Newly Adopted ABA Model Rule 1.15 Offers Guidance to Client Trust Account Maintenance, Brings Lawyers Into Updated Technological Practices
Lawyers for the Profession® Alert
Lawyers for the Profession® Alert | 2 min read
Sep 2, 2010
Brief Summary
The American Bar Association has adopted new Model Rules for Client Trust Account Records (Model Rule 1.15), replacing the outdated Model Rule on Financial Recordkeeping, which was promulgated in 1993. The Model Rules clarify the ethical rules that lawyers are obligated to follow in maintaining client trust accounts in an age of electronic banking practices.
Complete Summary
While the Model Rule on Financial Recordkeeping offered clarity to lawyers regarding their specific obligations, technology and banking practices rendered many of those obligations archaic. For example, attorneys were required to retain original canceled checks. The past 17 years’ dramatic changes to the banking industry spurred a need to revise those best practices. In 2003, Congress passed banking laws which allowed banks to substitute electronic images of checks for canceled checks. The new Rules will now permit lawyers to retain either physical or electronic equivalents of all checkbook registers, bank statements, deposit records, pre-numbered canceled checks and substitute checks.
The new Model Rules continue to propose that lawyers maintain client trust account records for five years after termination of representation.
The newly-adopted Model Rules would also require lawyers to maintain, for a five-year period, the records of all electronic transfers from client trust accounts, including the name of the person authorizing the transfer, the date of the transfer, the name of the recipient, and confirmation from the financial institution of the same. Note that to be in compliance with these rules, a lawyer should not re-use a check number which was previously used in an electronic transfer transaction.
Another best practice that the Model Rules suggest is regular reconciliation of the client trust accounts.
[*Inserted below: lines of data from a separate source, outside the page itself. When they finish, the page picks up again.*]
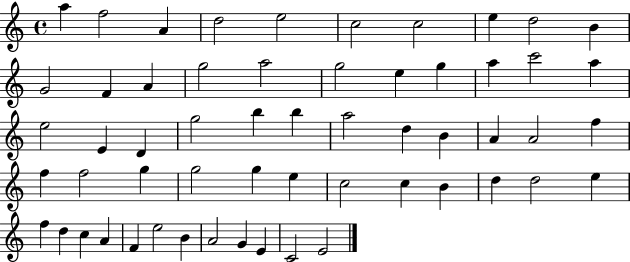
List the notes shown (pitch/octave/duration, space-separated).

A5/q F5/h A4/q D5/h E5/h C5/h C5/h E5/q D5/h B4/q G4/h F4/q A4/q G5/h A5/h G5/h E5/q G5/q A5/q C6/h A5/q E5/h E4/q D4/q G5/h B5/q B5/q A5/h D5/q B4/q A4/q A4/h F5/q F5/q F5/h G5/q G5/h G5/q E5/q C5/h C5/q B4/q D5/q D5/h E5/q F5/q D5/q C5/q A4/q F4/q E5/h B4/q A4/h G4/q E4/q C4/h E4/h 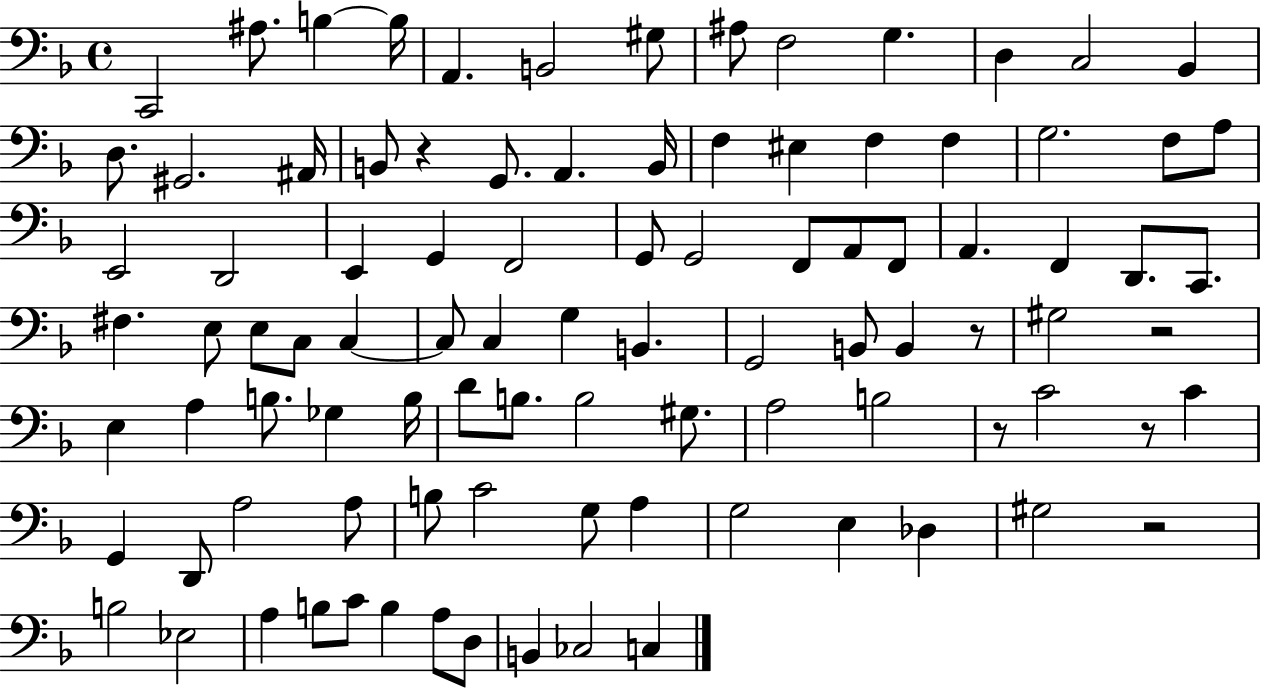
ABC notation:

X:1
T:Untitled
M:4/4
L:1/4
K:F
C,,2 ^A,/2 B, B,/4 A,, B,,2 ^G,/2 ^A,/2 F,2 G, D, C,2 _B,, D,/2 ^G,,2 ^A,,/4 B,,/2 z G,,/2 A,, B,,/4 F, ^E, F, F, G,2 F,/2 A,/2 E,,2 D,,2 E,, G,, F,,2 G,,/2 G,,2 F,,/2 A,,/2 F,,/2 A,, F,, D,,/2 C,,/2 ^F, E,/2 E,/2 C,/2 C, C,/2 C, G, B,, G,,2 B,,/2 B,, z/2 ^G,2 z2 E, A, B,/2 _G, B,/4 D/2 B,/2 B,2 ^G,/2 A,2 B,2 z/2 C2 z/2 C G,, D,,/2 A,2 A,/2 B,/2 C2 G,/2 A, G,2 E, _D, ^G,2 z2 B,2 _E,2 A, B,/2 C/2 B, A,/2 D,/2 B,, _C,2 C, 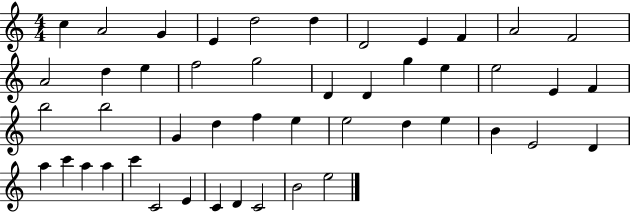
C5/q A4/h G4/q E4/q D5/h D5/q D4/h E4/q F4/q A4/h F4/h A4/h D5/q E5/q F5/h G5/h D4/q D4/q G5/q E5/q E5/h E4/q F4/q B5/h B5/h G4/q D5/q F5/q E5/q E5/h D5/q E5/q B4/q E4/h D4/q A5/q C6/q A5/q A5/q C6/q C4/h E4/q C4/q D4/q C4/h B4/h E5/h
All client trust account balances should be matched by bank statements on a monthly basis.
The Model Rules limit the scope of authorized electronic transfers. Lawyers should only authorize electronic transfers of money required for payment to a third person (or the client) on behalf of a client; money transferred from one client trust account to another; and transfers to the lawyer for expenses and fees properly incurred. This does not preclude split deposits (depositing one check into multiple accounts at the same time).
Finally, the Model Rules give guidance for law firm partner responsibilities when a firm is dissolved or sold. Under these Rules, each partner may be held responsible for the maintenance of client trust records.
The ABA will be sending these Model Rules to state high courts for potential adoption. Every state and jurisdiction has adopted the essence of ABA Model Rule of Professional Conduct 1.15, which the newly-adopted Model Rules modify and replace.
Significance of Model Rule
The Model Rules’ recognition that lawyers operate within updated and modern day banking practices is timely and appreciated. The primary benefit for the newly adopted Model Rules is to ease the tension that lawyers face honoring their jurisdiction’s ethical rules by being forced to maintain archaic record-keeping.
This alert has been prepared by Hinshaw & Culbertson LLP to provide information on recent legal developments of interest to our readers. It is not intended to provide legal advice for a specific situation or to create an attorney-client relationship.